[Data extracted from a collection]
########
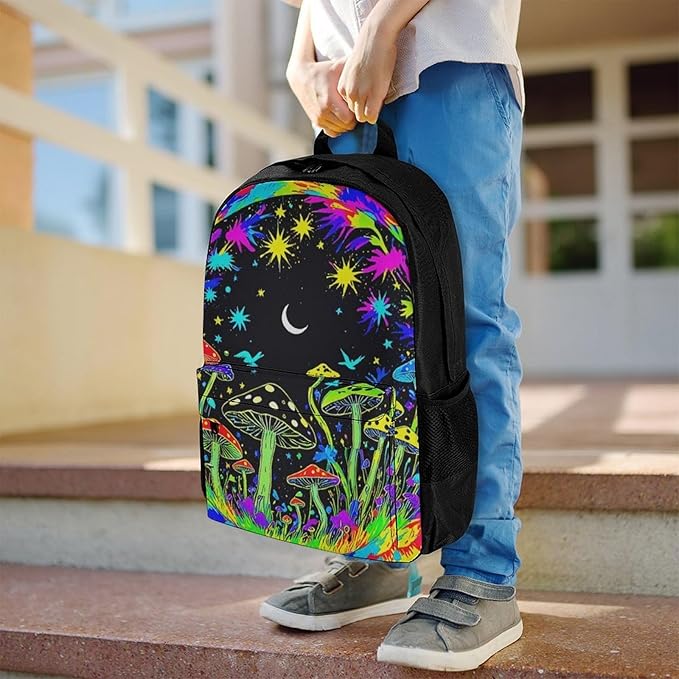 Supdreamc Lightweight Rucksacks for Climbing Outdoors Walking Cycling, Large Capacity Anti-Theft Multipurpose Carry On Bag, Tie Dye Mandala Trippy Mushroom Art Camping Outdoor Backpack
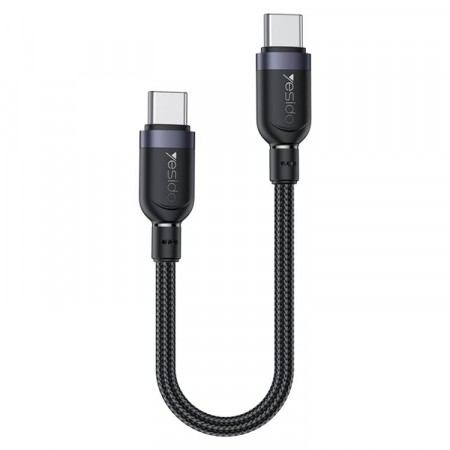 Yesido USB-C til USB-C kabel 60W, 0,3 meter - Svart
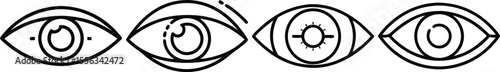 Unique Set of Four Stylish Eye Icons, Line Art, Black and...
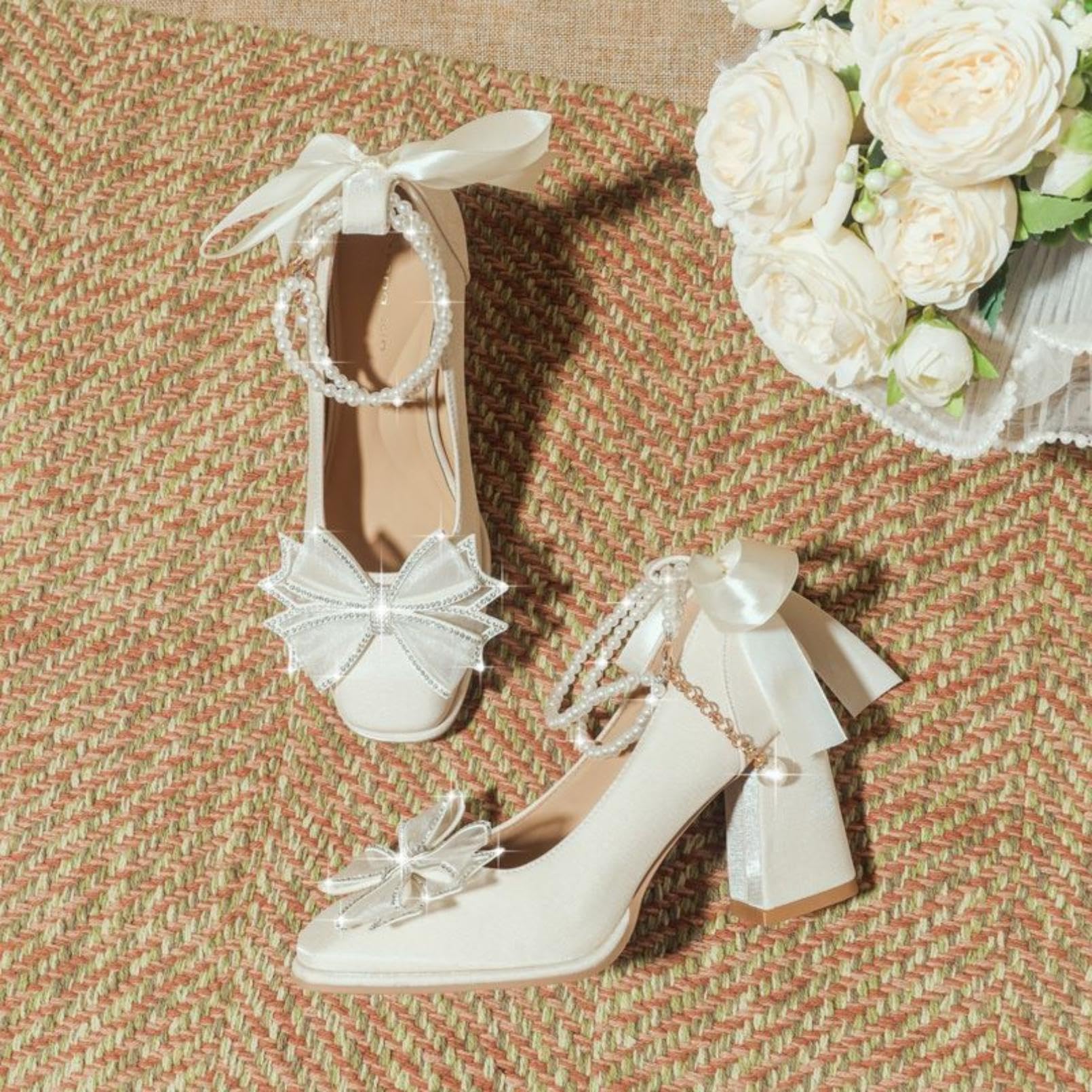 Generico Scarpe da Damigella in Raso con Punta Quadrata da Donna | Tacco A Blocco Spesso Scarpe Da Vestito Da Sposa Con Fiocco Strass, Perle Cinturino Alla Caviglia Scarpe Da Cerimonia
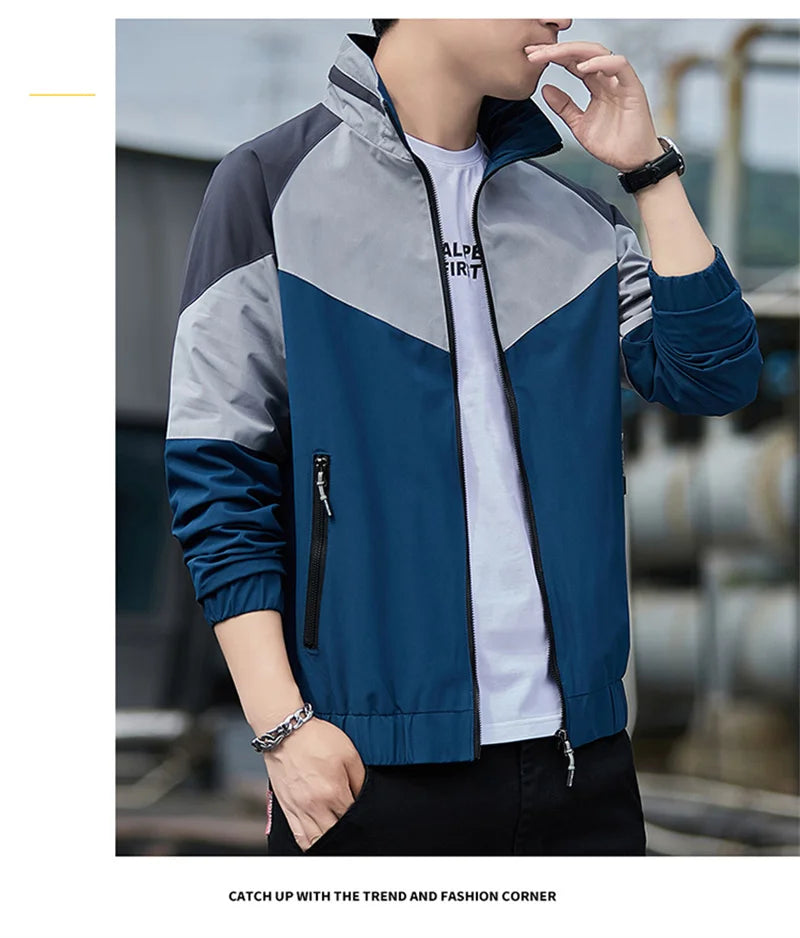 Colorblock Sportjacke für Herren – Stehkragen Jacke JLR Design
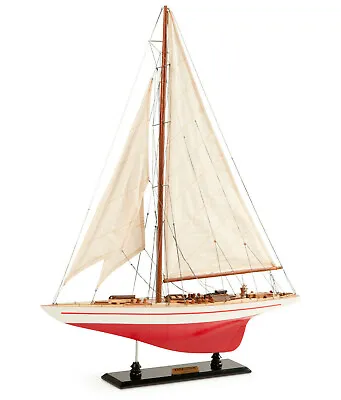 Endeavour Red White Yacht Wood Model 24  Americas Cup J Class Boat Sailboat • $218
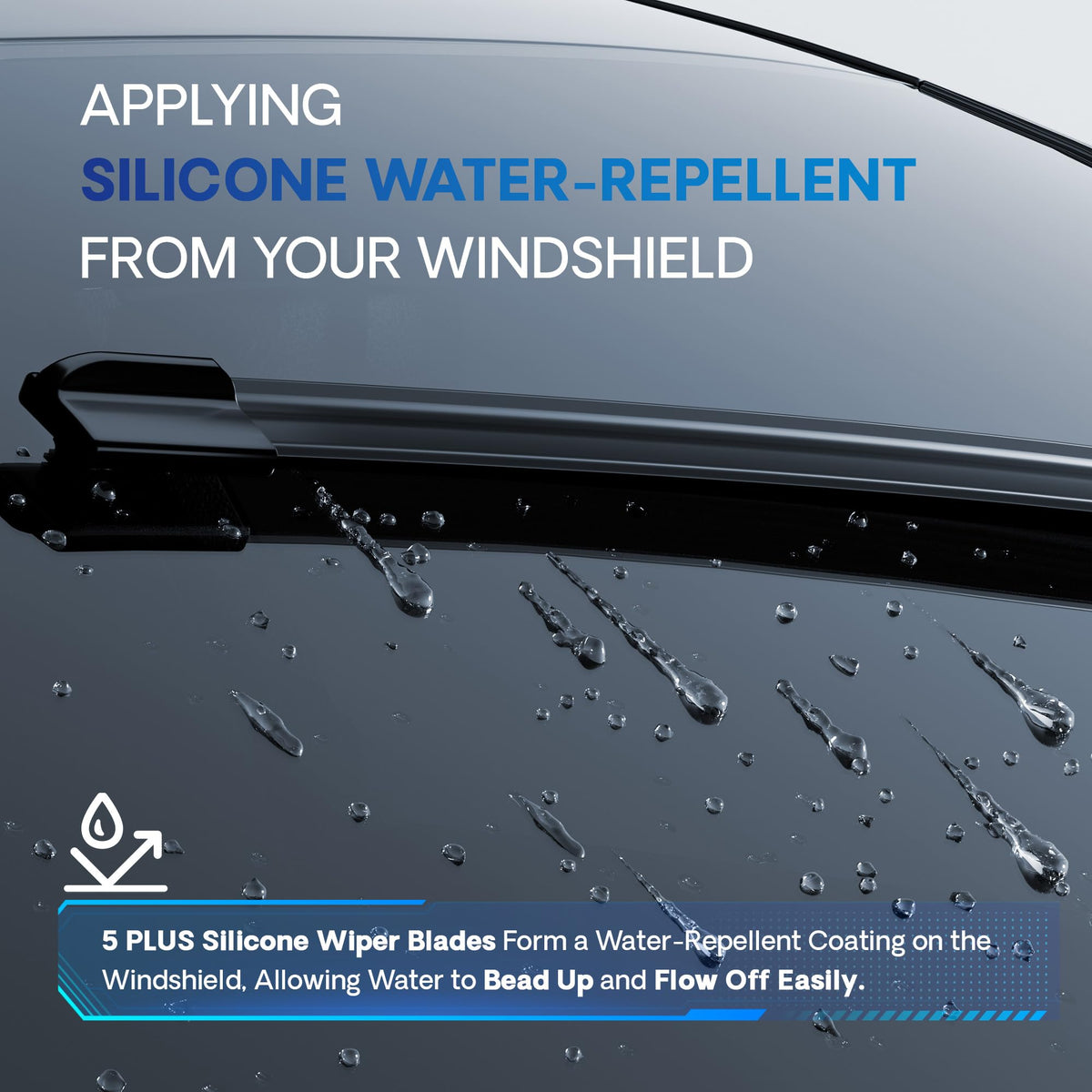 5 PLUS close-up of silicone wiping edge for clearer visibility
########
### TASK INSTRUCTIONS
Give again, exactly as written above, every line from the one holding "Generico Scarpe da" to the one holding "Colorblock Sportjacke für", with both ends kept and the pictures left out.

### WRITTEN SOLUTION
 Generico Scarpe da Damigella in Raso con Punta Quadrata da Donna | Tacco A Blocco Spesso Scarpe Da Vestito Da Sposa Con Fiocco Strass, Perle Cinturino Alla Caviglia Scarpe Da Cerimonia
 Colorblock Sportjacke für Herren – Stehkragen Jacke JLR Design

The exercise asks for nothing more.